Provided data:
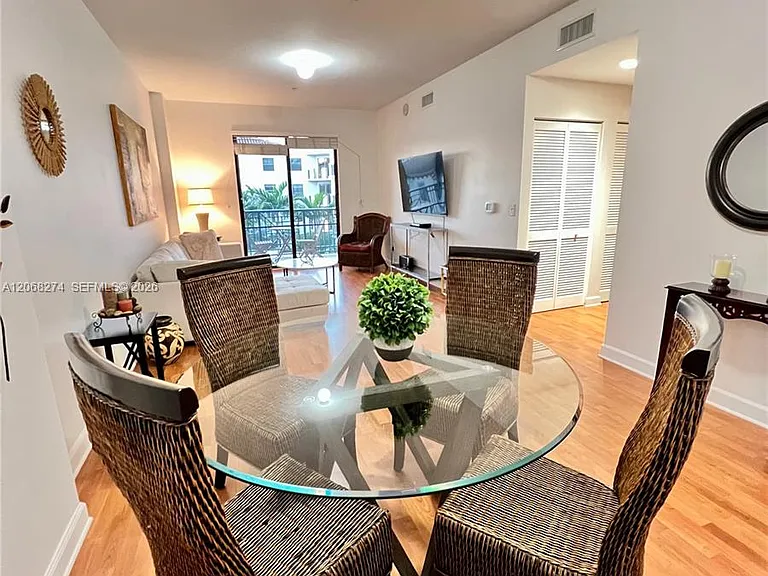 8390 SW 72nd Ave #521 — Photo 4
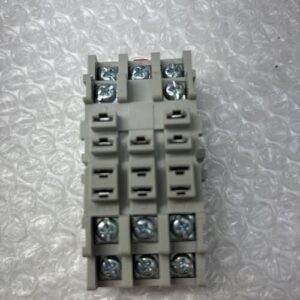 **New (Other) QTY Of 4 DAYTON 5X853M RELAY BASE 1 Piece Broke# - Image 6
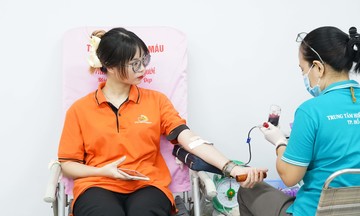 Giảng viên, sinh viên ĐH FPT HCM trao gần 70 đơn vị máu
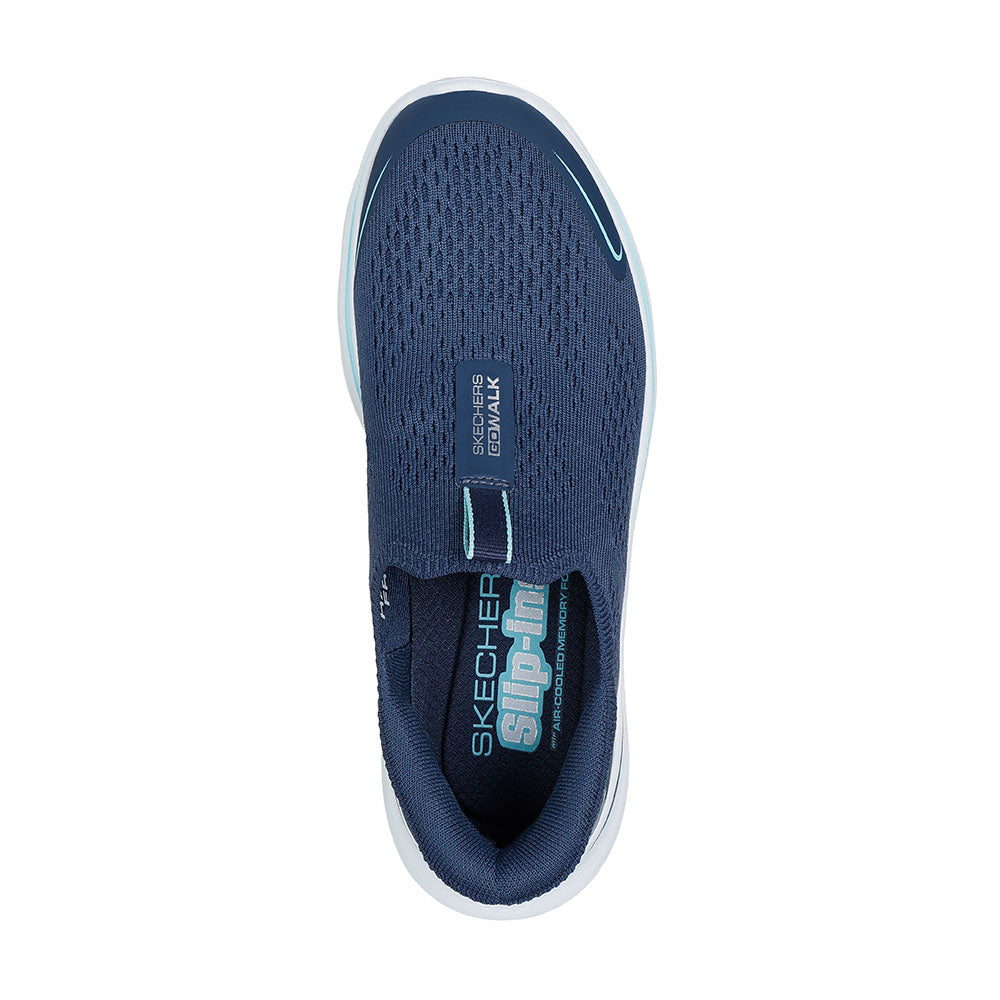 Slip-ins: GOwalk 7 - Sarai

What is being asked: Please restate the material word for word; the pictures stay out.

Task answer:
 8390 SW 72nd Ave #521 — Photo 4
 **New (Other) QTY Of 4 DAYTON 5X853M RELAY BASE 1 Piece Broke# - Image 6
 Giảng viên, sinh viên ĐH FPT HCM trao gần 70 đơn vị máu
 Slip-ins: GOwalk 7 - Sarai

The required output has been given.